Al fin regresó la música en directo. El jueves pasado volví a elaborar el ritual del viaje que acaba en un concierto a las 9 de la noche en Santiago. Lo eché de menos con mucha frecuencia estos últimos meses. Me senté en esas butacas estrechas y rojas de hace veinte años, a esperar la salida de los músicos. Y aunque todos son desconocidos para mí, tuve la sensación de regresar junto a viejos amigos. Reconozco algunas caras, sobre todo las de quienes tocan en las primeras filas pero, de alguna manera, a todos ellos les estoy agradecido. Allí volvíamos a estar. Y eso ya era un triunfo.

La música que sonó no me emocionó especialmente. La primera parte me pareció fría y deslabazada y hasta me pareció sentir que faltaba concentración o algo así. No sé. En la segunda parte disfruté más la pieza de Xavier de Paz, y pensé que hace falta escuchar mucha más música contemporánea. Es bien curioso todo el público que hay para la pintura moderna y el poco que está dispuesto a escuchar la música que se correspondería con esos cuadros, (Muñoz Molina dice esto en uno de sus últimos artículos sobre música).

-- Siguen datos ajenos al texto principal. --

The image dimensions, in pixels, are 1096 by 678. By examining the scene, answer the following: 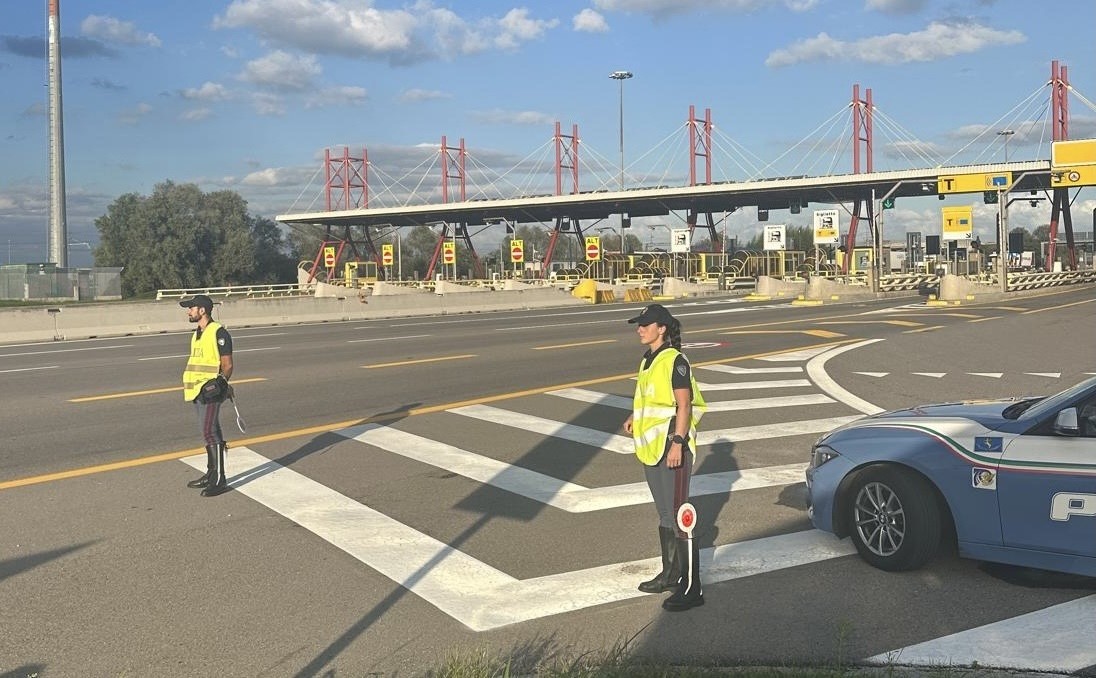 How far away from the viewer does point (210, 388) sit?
25.6ft

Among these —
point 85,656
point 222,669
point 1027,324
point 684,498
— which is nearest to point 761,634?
point 684,498

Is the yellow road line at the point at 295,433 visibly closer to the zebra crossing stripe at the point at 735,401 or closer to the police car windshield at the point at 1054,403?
the zebra crossing stripe at the point at 735,401

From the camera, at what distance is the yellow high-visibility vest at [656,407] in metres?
5.22

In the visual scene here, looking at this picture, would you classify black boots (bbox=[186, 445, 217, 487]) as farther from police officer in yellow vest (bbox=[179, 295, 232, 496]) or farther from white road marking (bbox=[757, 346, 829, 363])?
white road marking (bbox=[757, 346, 829, 363])

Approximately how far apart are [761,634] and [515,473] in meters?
3.93

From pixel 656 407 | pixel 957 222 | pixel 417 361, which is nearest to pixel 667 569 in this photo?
pixel 656 407

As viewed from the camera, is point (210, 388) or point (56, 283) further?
point (56, 283)

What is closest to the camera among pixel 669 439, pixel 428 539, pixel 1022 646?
pixel 1022 646

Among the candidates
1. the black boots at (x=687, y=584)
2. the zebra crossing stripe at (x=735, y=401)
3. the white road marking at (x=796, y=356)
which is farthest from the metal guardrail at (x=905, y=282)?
the black boots at (x=687, y=584)

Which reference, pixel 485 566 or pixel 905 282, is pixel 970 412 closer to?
pixel 485 566

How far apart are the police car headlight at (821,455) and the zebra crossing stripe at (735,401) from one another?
5.50m

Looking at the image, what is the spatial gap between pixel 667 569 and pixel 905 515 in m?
1.46

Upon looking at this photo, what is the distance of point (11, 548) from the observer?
6.29 meters

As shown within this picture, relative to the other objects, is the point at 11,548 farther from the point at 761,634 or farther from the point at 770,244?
the point at 770,244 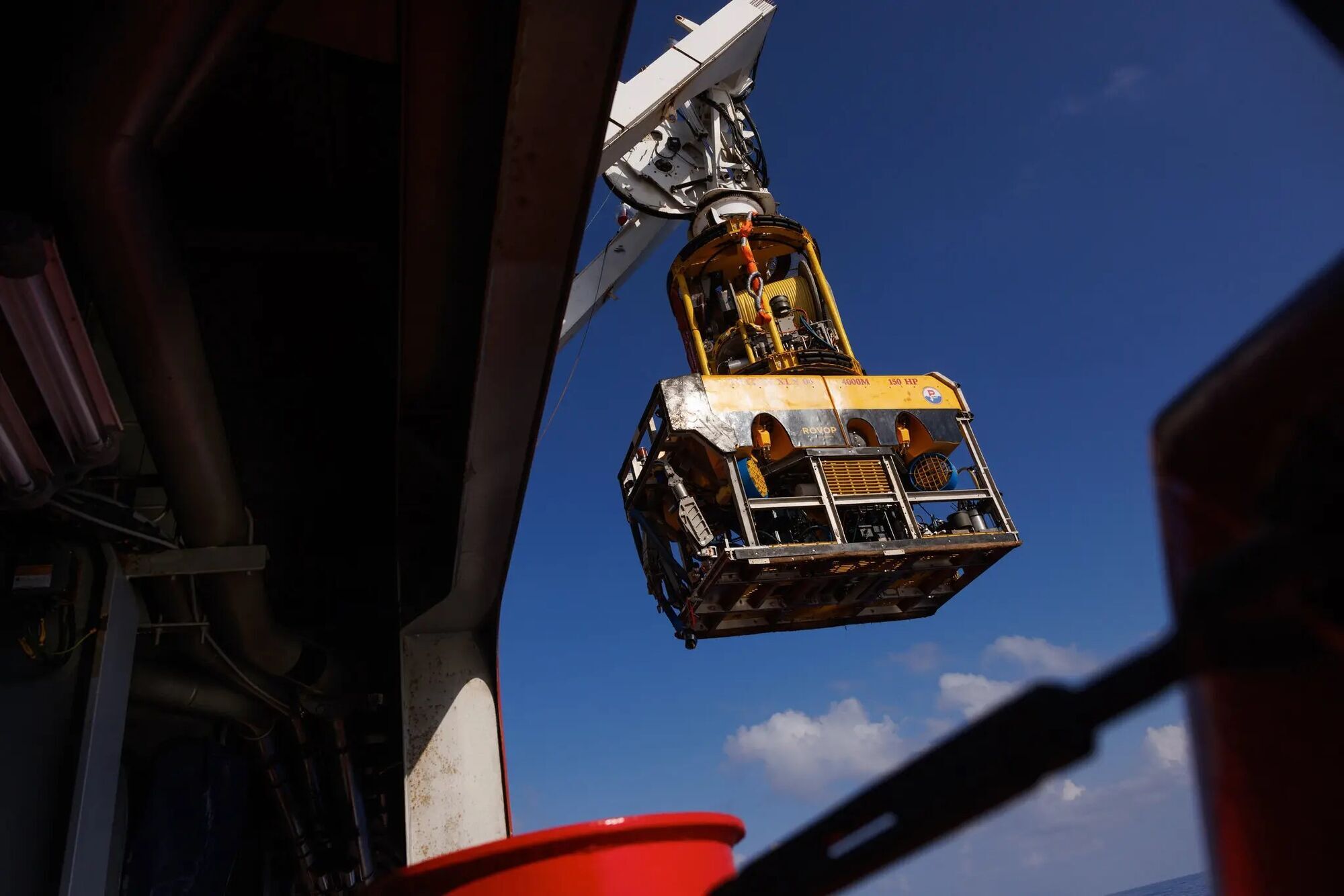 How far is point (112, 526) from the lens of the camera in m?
4.48

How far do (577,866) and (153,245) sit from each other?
2.97m

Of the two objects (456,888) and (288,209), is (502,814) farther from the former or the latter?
(456,888)

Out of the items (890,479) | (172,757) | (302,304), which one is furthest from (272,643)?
(890,479)

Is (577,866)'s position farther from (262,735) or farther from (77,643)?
(262,735)

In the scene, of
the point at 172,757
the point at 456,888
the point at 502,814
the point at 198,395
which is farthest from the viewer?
the point at 172,757

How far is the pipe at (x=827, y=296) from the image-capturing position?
12.1 meters

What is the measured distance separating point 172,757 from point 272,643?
5.49 ft

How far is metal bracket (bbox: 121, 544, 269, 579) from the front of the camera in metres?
4.79

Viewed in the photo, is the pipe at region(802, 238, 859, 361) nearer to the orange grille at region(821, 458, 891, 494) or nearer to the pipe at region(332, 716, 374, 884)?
the orange grille at region(821, 458, 891, 494)

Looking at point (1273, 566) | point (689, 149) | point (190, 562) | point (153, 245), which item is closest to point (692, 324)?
point (689, 149)

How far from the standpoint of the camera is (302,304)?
4621 mm

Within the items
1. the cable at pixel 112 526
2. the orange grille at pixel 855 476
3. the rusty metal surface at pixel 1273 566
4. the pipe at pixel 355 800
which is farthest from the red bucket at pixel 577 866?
the orange grille at pixel 855 476

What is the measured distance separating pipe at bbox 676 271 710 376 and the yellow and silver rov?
3.89ft

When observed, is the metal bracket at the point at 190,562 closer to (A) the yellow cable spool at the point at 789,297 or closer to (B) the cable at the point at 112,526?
(B) the cable at the point at 112,526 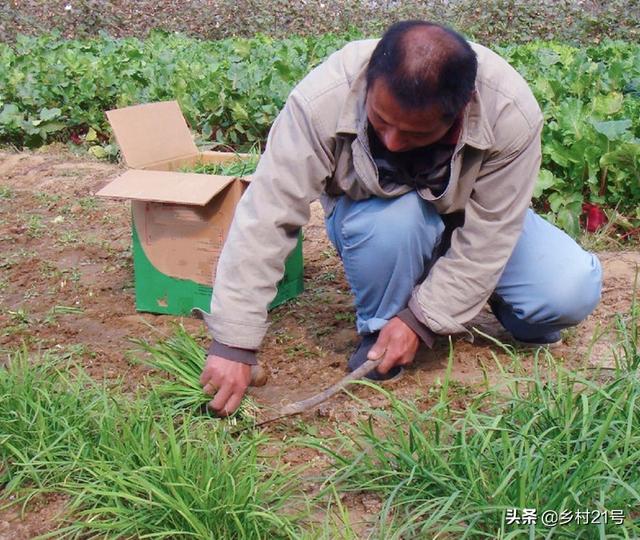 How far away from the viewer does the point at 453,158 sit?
261cm

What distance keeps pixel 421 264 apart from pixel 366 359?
0.35m

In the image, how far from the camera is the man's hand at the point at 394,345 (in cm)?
273

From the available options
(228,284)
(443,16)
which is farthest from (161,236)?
(443,16)

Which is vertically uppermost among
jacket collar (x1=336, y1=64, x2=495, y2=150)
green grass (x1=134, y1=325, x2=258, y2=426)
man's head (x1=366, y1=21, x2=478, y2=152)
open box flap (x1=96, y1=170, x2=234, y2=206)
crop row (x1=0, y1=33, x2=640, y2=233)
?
man's head (x1=366, y1=21, x2=478, y2=152)

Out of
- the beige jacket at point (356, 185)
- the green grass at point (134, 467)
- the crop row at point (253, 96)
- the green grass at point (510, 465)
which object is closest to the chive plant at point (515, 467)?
the green grass at point (510, 465)

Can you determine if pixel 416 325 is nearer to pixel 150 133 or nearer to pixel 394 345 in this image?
pixel 394 345

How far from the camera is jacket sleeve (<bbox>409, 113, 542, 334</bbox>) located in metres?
2.74

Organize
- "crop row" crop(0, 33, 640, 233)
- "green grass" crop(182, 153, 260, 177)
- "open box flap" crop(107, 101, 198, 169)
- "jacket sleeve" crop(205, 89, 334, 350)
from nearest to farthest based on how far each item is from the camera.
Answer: "jacket sleeve" crop(205, 89, 334, 350), "open box flap" crop(107, 101, 198, 169), "green grass" crop(182, 153, 260, 177), "crop row" crop(0, 33, 640, 233)

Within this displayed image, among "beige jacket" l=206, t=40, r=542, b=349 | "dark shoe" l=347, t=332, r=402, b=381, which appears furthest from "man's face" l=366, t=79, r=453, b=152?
"dark shoe" l=347, t=332, r=402, b=381

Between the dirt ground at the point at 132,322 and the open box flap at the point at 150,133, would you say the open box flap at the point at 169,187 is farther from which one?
the dirt ground at the point at 132,322

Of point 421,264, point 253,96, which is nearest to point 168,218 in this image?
point 421,264

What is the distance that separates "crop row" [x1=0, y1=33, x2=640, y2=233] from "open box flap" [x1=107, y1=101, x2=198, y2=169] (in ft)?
5.80

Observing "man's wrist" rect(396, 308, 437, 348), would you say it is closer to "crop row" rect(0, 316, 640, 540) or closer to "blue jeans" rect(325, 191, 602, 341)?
"blue jeans" rect(325, 191, 602, 341)

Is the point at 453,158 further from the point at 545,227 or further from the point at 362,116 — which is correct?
the point at 545,227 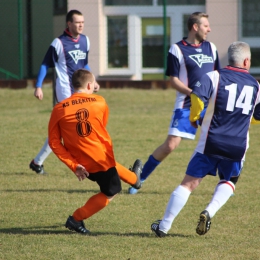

Pero lo mejor del concierto para mí fue la última pieza, las Danzas de Galatea de Zoltán Kodály. Aunque no la conocía, la sentí como una música que me era familiar. Sonidos con muchas capas, desde la música más popular hasta otra más elaborada. Música mestiza que corre por todo el cuerpo, desde los sonidos de la infancia, hasta la alegría de la luz. La lentitud, la calma y lo impetuoso, pero no desde el lado romántico. Con unos lugares maravillosos para el clarinete. Ser recolector de sonidos perdidos y ser autor de sonidos nuevos, Kodály y Bela Bartók.

Después conduje en silencio, no quería interrumpir la continuación de esa parte final.